Treasurys edge higher after 7-year note auction

Treasurys


Treasurys rose on Thursday after the government's auction of seven-year Treasury notes, the final sale of $96 billion in new coupon-bearing supply this week.

The Treasury Department auctioned $29 billion in seven-year notes at a high yield of 2.258 percent. The bid-to-cover ratio, an indicator of demand, was 2.59.

Traders expected the new notes to price at yields of 2.28 percent, according to trading in the "when issued'' market.

Direct bidders, which includes some central banks and large asset managers, bought 33 percent of the notes, higher than their average 19 percent.
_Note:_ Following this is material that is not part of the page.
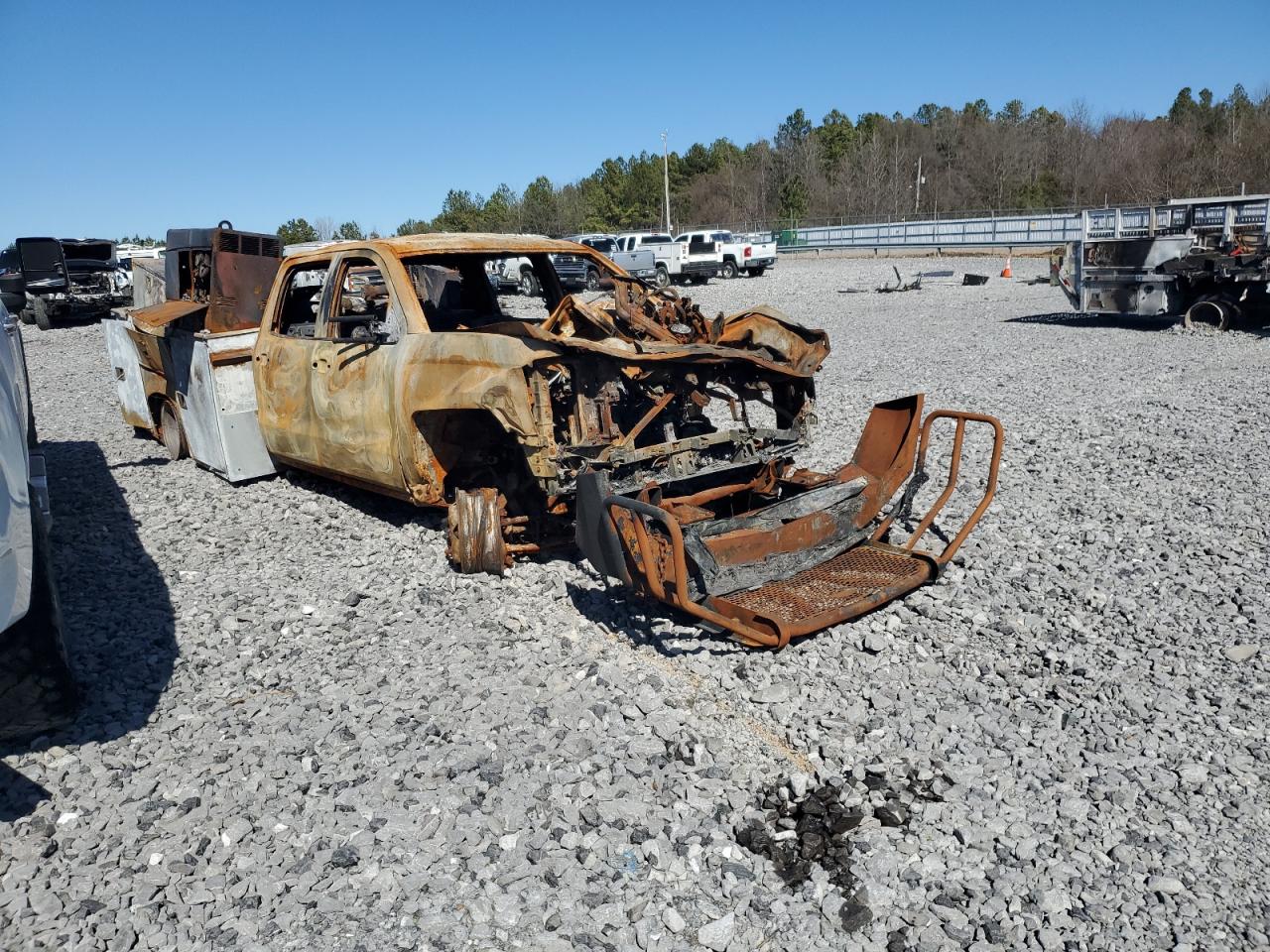2019 Chevrolet Silverado VIN 1GC4KVCYXKF201558 Copart auction photo, burn / replaced vin damage thumbnail 4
"The recent auctions have shown a particularly strong investment fund demand both in January and February ... I think what we saw is continuing investment fund demand in the belly of the curve," said John Canavan, fixed income analyst at Stone McCarthy Research Associated in Princeton, New Jersey.

Investors may have been lured to the debt by the recent rise in yields, after Federal Reserve Chair Janet Yellen said the central bank could raise interest rates six months after its current bond-buying program ends, suggesting a potential rate hike as early as spring 2015.

"Although there has been some correction the last two days we are still looking at more attractive yields than we had been seeing and there is some sentiment that the initial response to the FOMC meeting has run its course," Canavan said.

Seven-year notes were last flat in price to yield 2.24 percent. The notes yields have fallen from a three-month high of 2.34 percent on Monday, but remain higher than the 2.14 percent area they traded at before Yellen's comments.

The spread between yields of five-year notes and thirty-year bonds narrowed to 179 basis points on Thursday, its tightest in five years.

Intermediate-dated Treasurys yields had jumped after Federal Reserve Chair Janet Yellen said the central bank could raise interest rates six months after its current bond-buying program ends, suggesting a potential rate hike as early as spring 2015, sooner than many expect.

"We backed up a little bit after the Fed meeting ... there haven't been any recent issues with supply,'' said Lou Brien, a market strategist at DRW Trading in Chicago.

Benchmark 10-year notes rose 7/32 in price to yield 2.67 percent, after edging as high as 2.72 percent immediately after the data. Meanwhile, 30-year notes rose 22/32 in price to yield 3.50 percent, after dropping below 3.50 percent earlier for the first time since July.

The spread between yields of five-year notes and thirty-year bonds narrowed to 180 basis points on Thursday, its tightest in five years. Intermediate-dated debt has underperformed longer-dated bonds since Yellen's comments, as investors adapt to the possibility of rate hikes sooner than expected.

Treasurys have been supported by safe-haven buying spurred by ongoing tensions over Ukraine, and as U.S. stocks have struggled to break above recent highs to new records.

Economic data on Thursday showed sturdy growth. The number of Americans filing new claims for unemployment benefits fell unexpectedly last week to its lowest in nearly four months, suggesting a strengthening labor market.

U.S. economic growth was 2.6 percent in the fourth quarter, up from the 2.4 percent the Commerce Department estimated last month, reflecting a stronger pace of consumer spending than previously estimated.